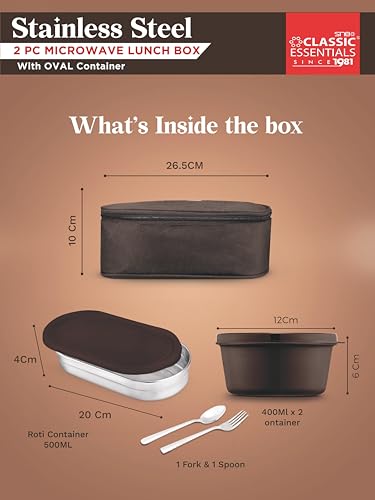 Image of CLASSIC ESSENTIALS Stainless Steel Microwave Safe Lunch Box Set with Cutlery for School, 1 Oval and 3 Containers (1300 ml, Thermoware)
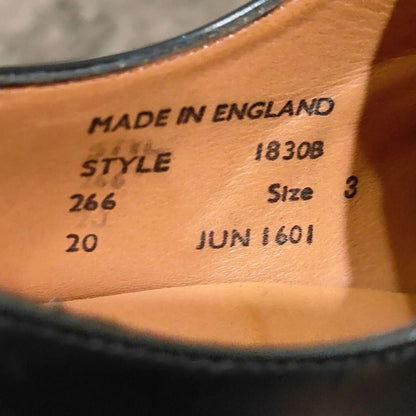 サンダース レザーシューズ 1830B ミリタリーダービー ガラスレザー ブラック レディース サイズUK3 SANDERS ビジネスシューズ 約22.5cm【LA】【中古】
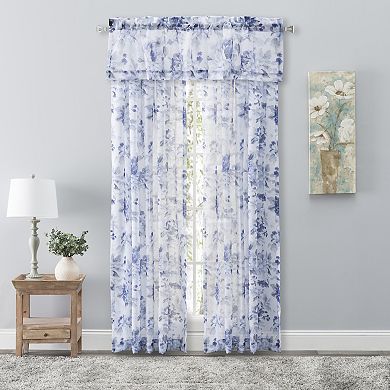 Whimsical Semi-sheer Floral Rod Pocket Curtain Panel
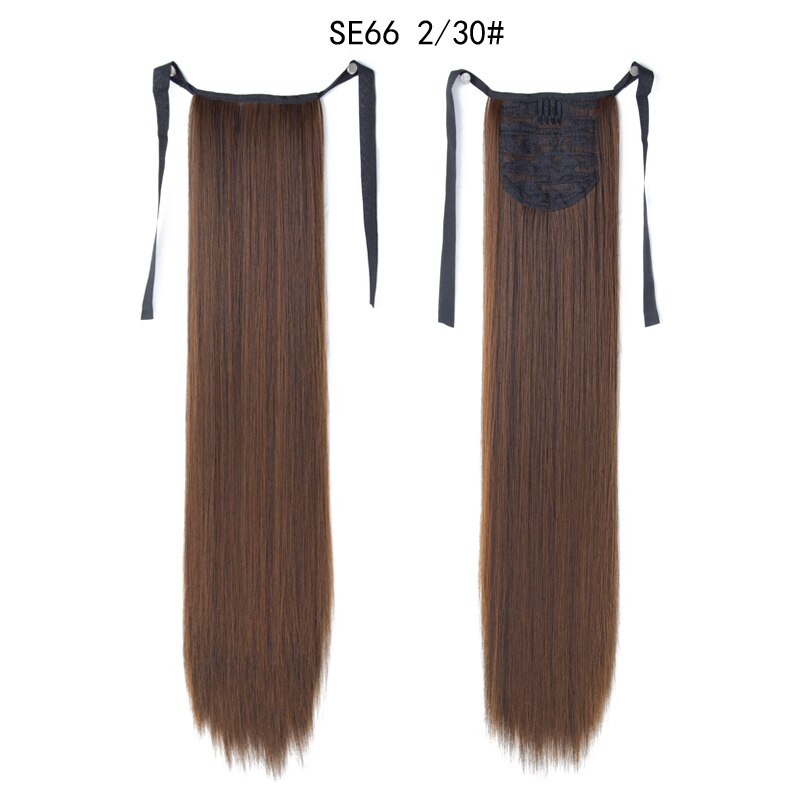 Lang lige klips i hale falsk hår hestehale hårstykke med hårnåle syntetisk hestehale hår extensions eunice hår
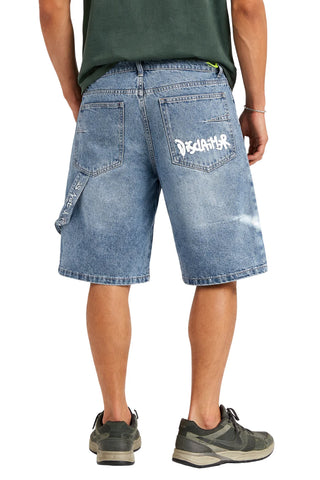 Disclaimer bermuda uomo in denim con logo lavaggio blu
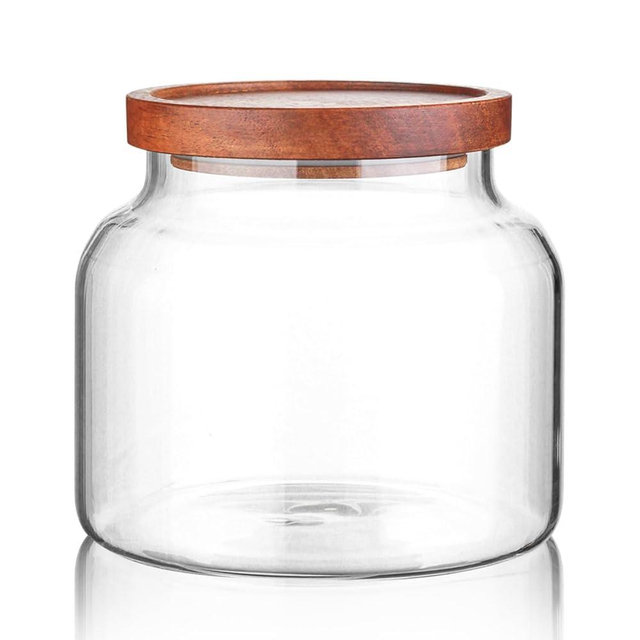 Labina Glass Storage Container Airtight Food Jars Kitchen Canister with Wood Lids, 47 Oz Wide Mouth Pantry Organization Glass Jar for Flour, Sugar, Cookie, Spagetti, Nuts and Candy
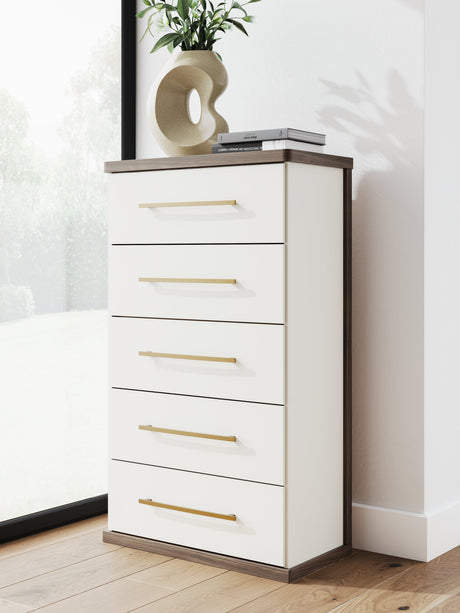Kendanport Brown/White Five Drawer Chest by Ashley at Eve Furniture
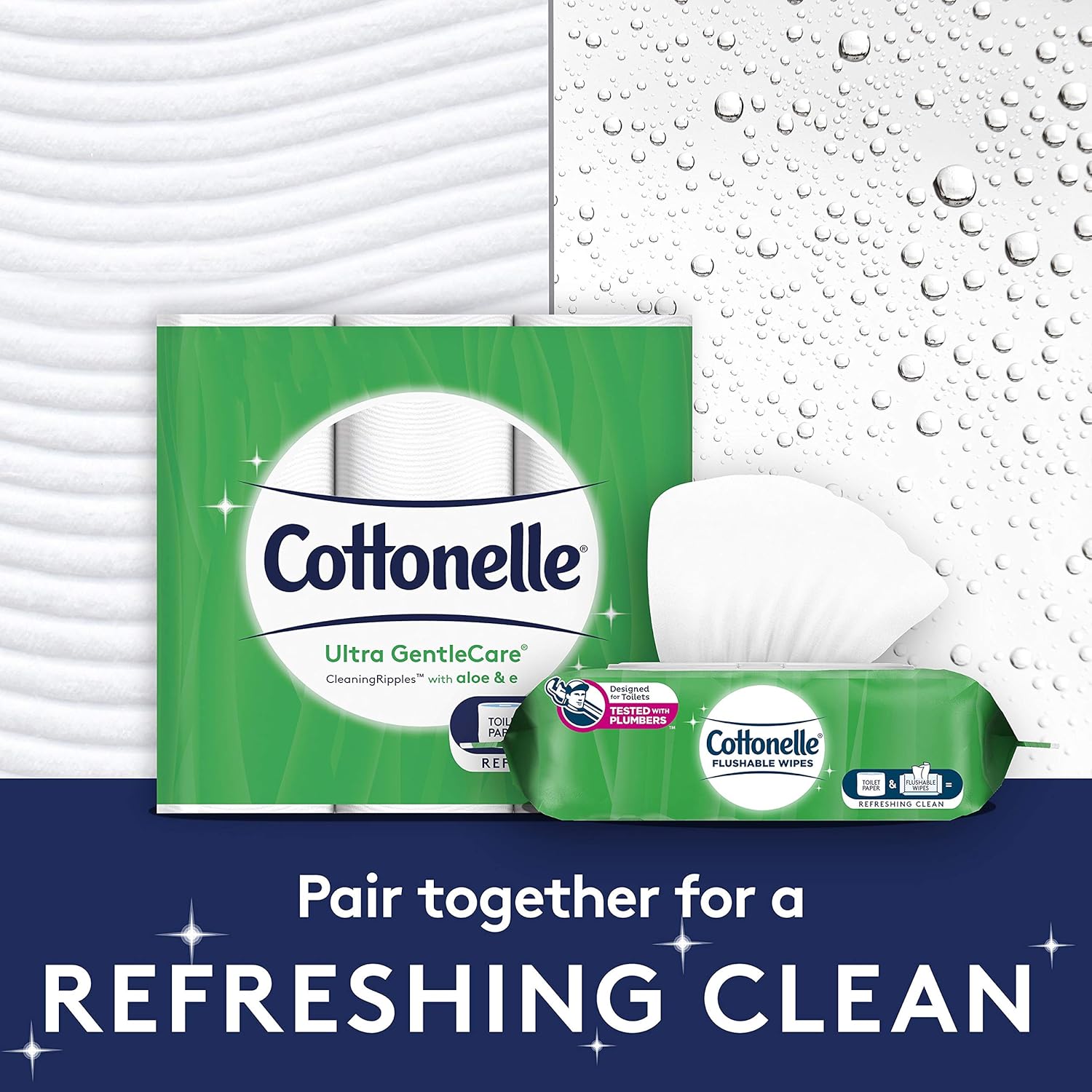 Cottonelle GentlePlus Flushable Wet Wipes with Aloe & Vitamin E - 6 Flip-Top Packs (252 Total Flushable Wipes) : Health & Household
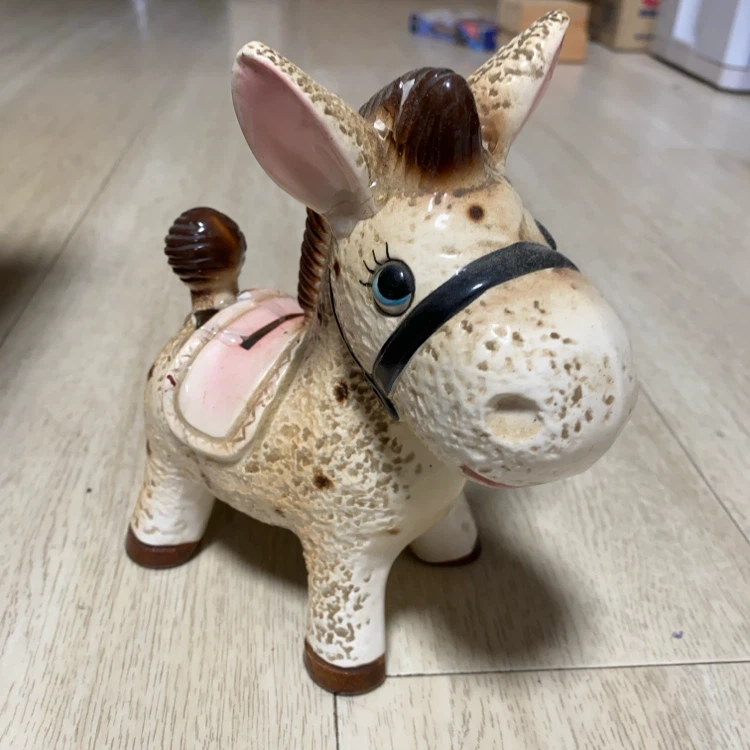ロバの陶器製貯金箱 レトロデザイン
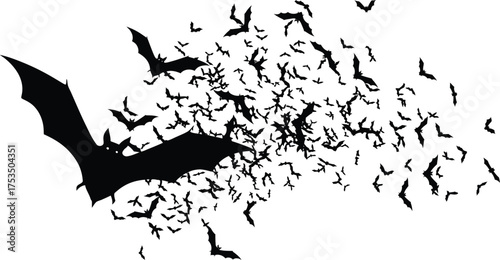Vector art of a large flock of black bats flying in a swarm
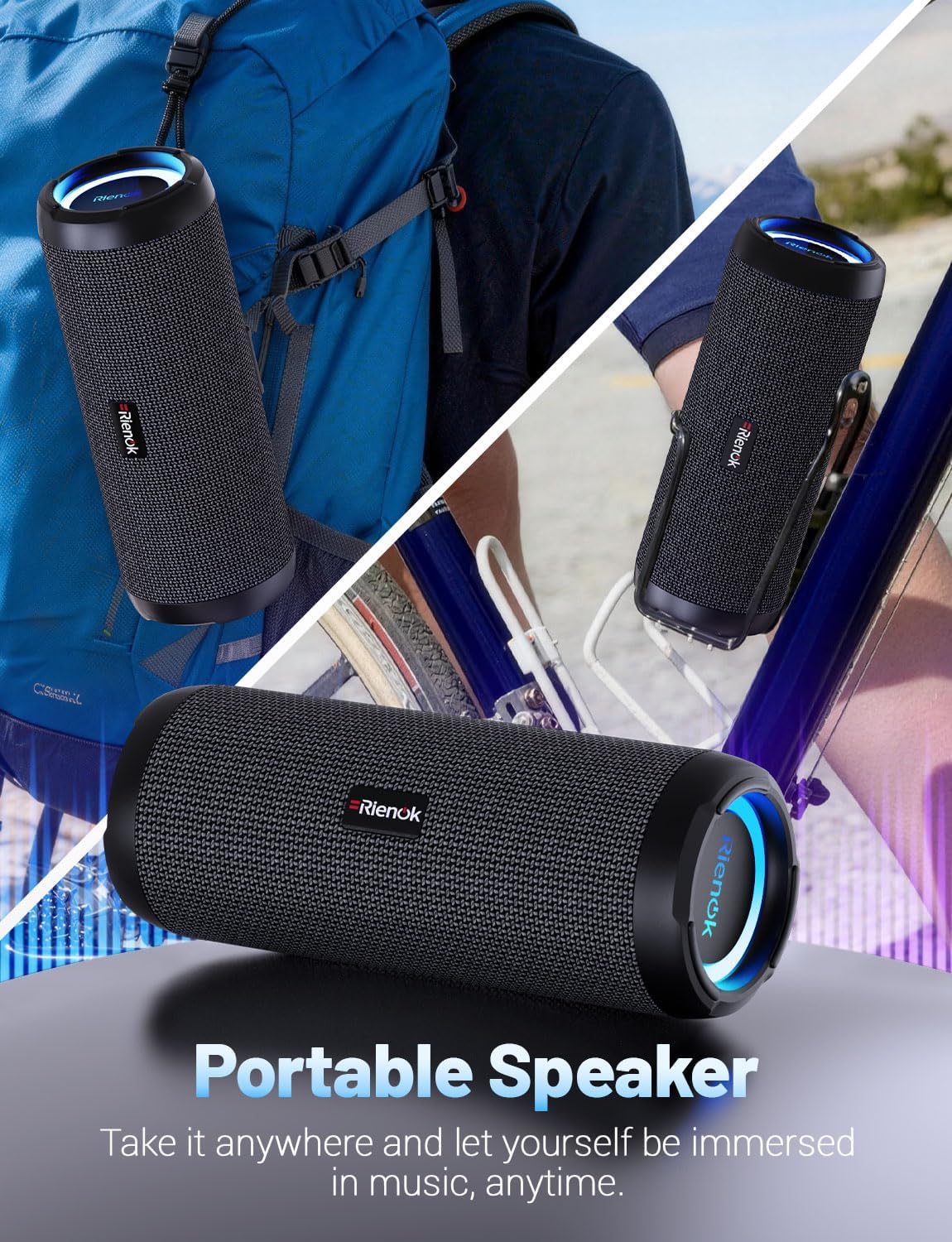 RIENOK Portable Bluetooth Speaker 30W
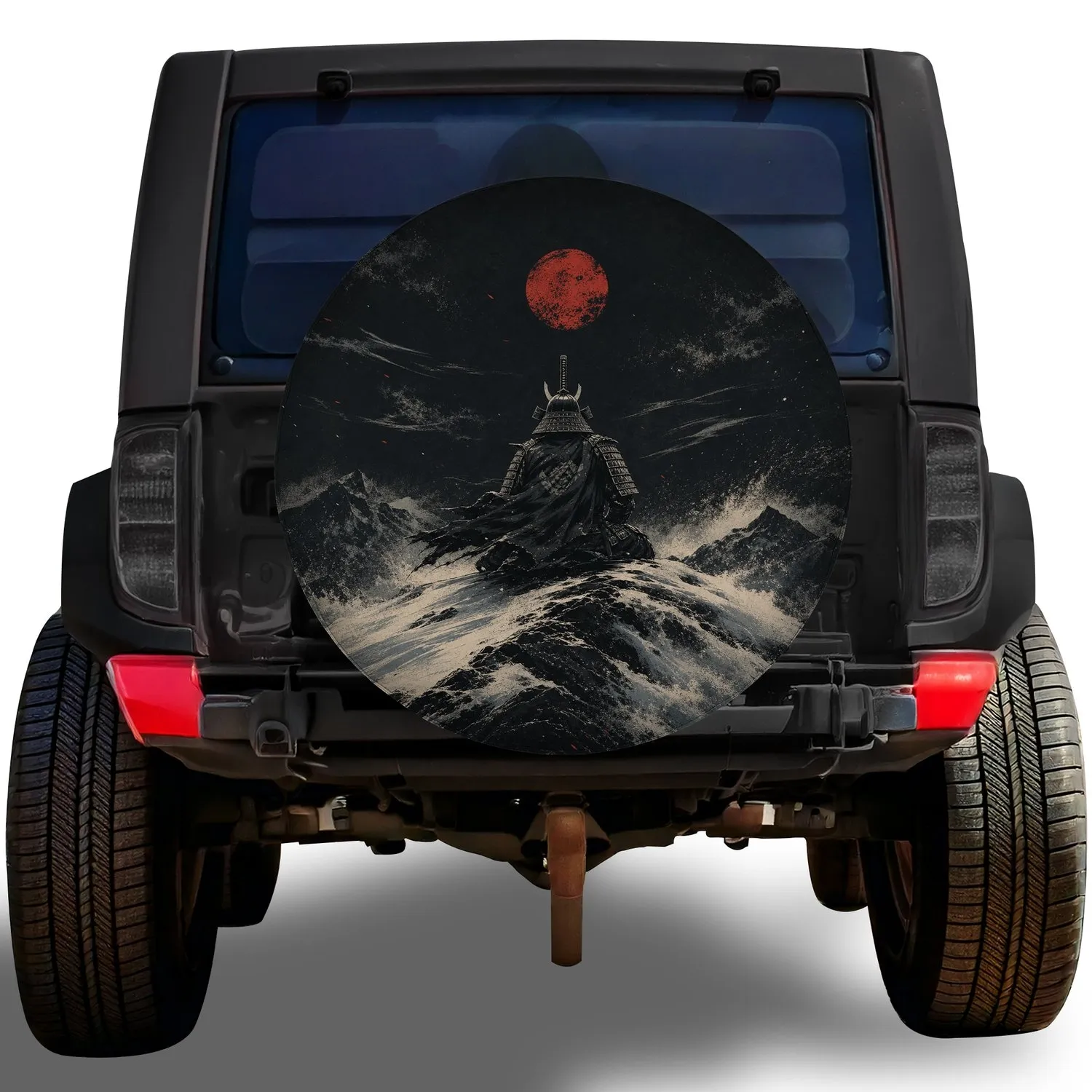 Kneeling Samurai Under Crimson Moon Japanese Night Art For Off Road SUV Adventures Spare Tire Cover - 1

■ **WHAT TO PRODUCE**:
What is needed is an exact retyping of the lines from the start of the data through the line with "Whimsical Semi-sheer Floral", with both end lines kept and every picture left out.

■ **TASK ANSWER**:
 Image of CLASSIC ESSENTIALS Stainless Steel Microwave Safe Lunch Box Set with Cutlery for School, 1 Oval and 3 Containers (1300 ml, Thermoware)
 サンダース レザーシューズ 1830B ミリタリーダービー ガラスレザー ブラック レディース サイズUK3 SANDERS ビジネスシューズ 約22.5cm【LA】【中古】
 Whimsical Semi-sheer Floral Rod Pocket Curtain Panel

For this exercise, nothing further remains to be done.